> [DATA EXCERPTS]:
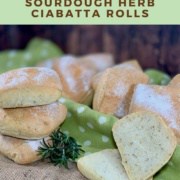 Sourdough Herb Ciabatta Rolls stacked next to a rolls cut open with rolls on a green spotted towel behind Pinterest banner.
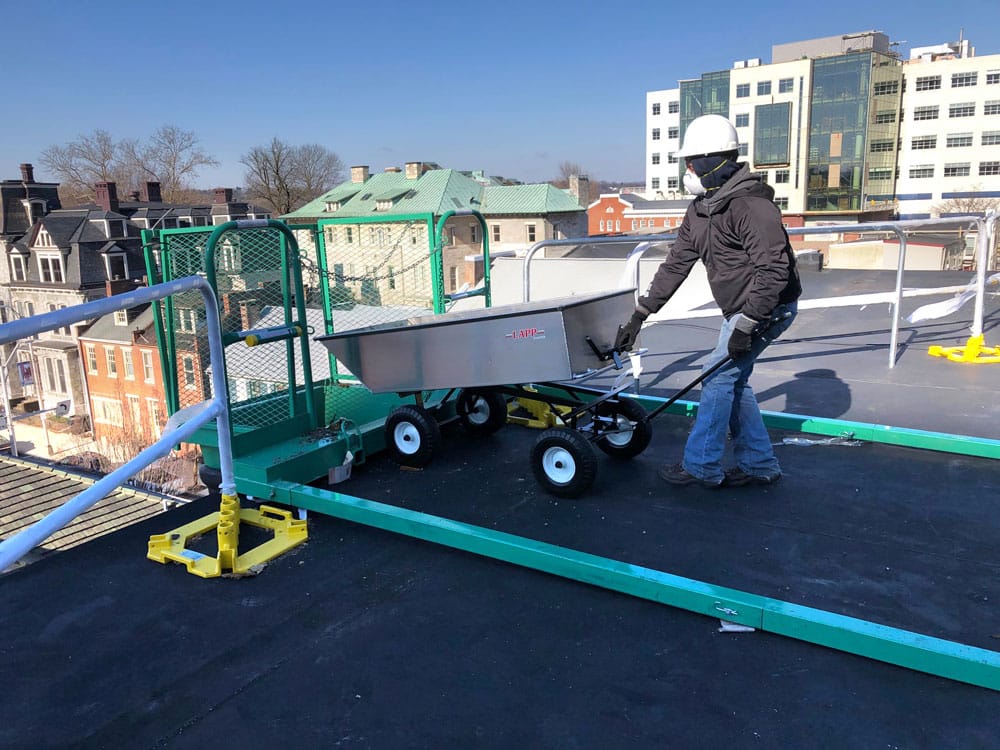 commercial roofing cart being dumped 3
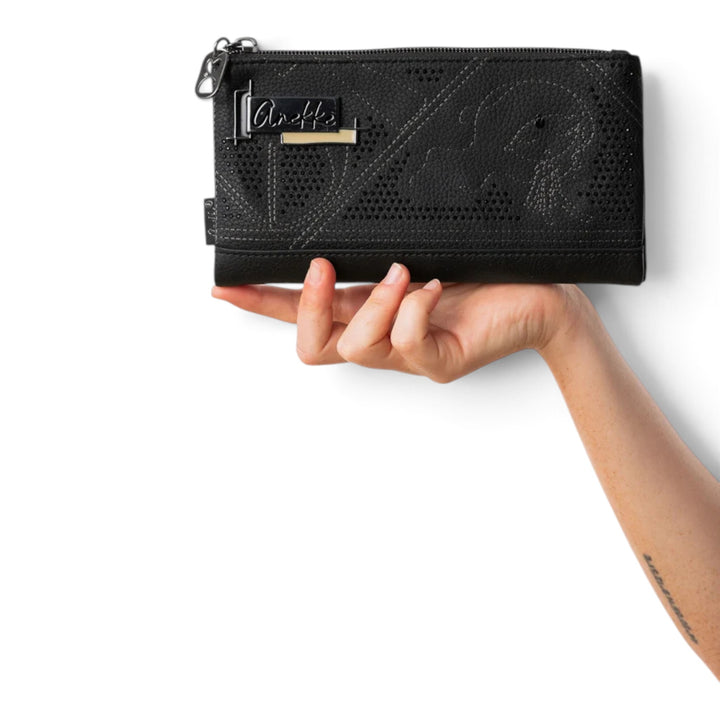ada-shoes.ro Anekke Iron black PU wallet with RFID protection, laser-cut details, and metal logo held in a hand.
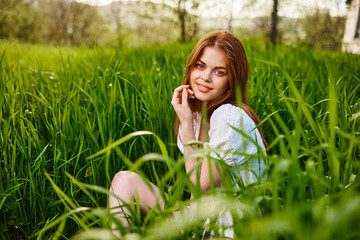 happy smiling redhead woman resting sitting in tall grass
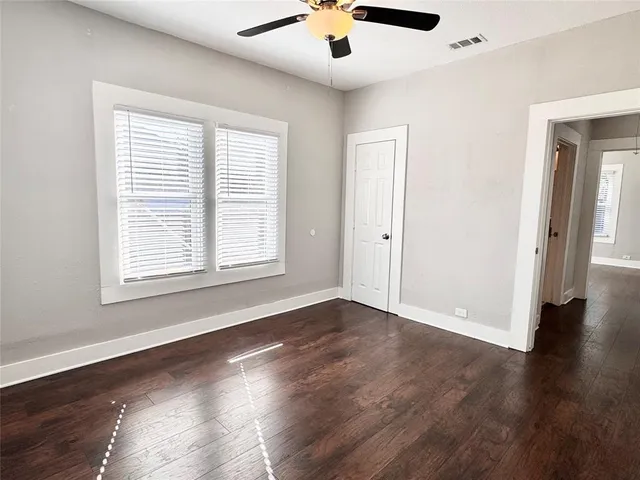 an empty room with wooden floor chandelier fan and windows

> [TASK ITEM]:
Transcribe only the lines from the one holding "ada-shoes.ro Anekke Iron" through the last line of the listing above, inclusive, and do not include the pictures.

> [PROBLEM SOLUTION]:
ada-shoes.ro Anekke Iron black PU wallet with RFID protection, laser-cut details, and metal logo held in a hand.
 happy smiling redhead woman resting sitting in tall grass
 an empty room with wooden floor chandelier fan and windows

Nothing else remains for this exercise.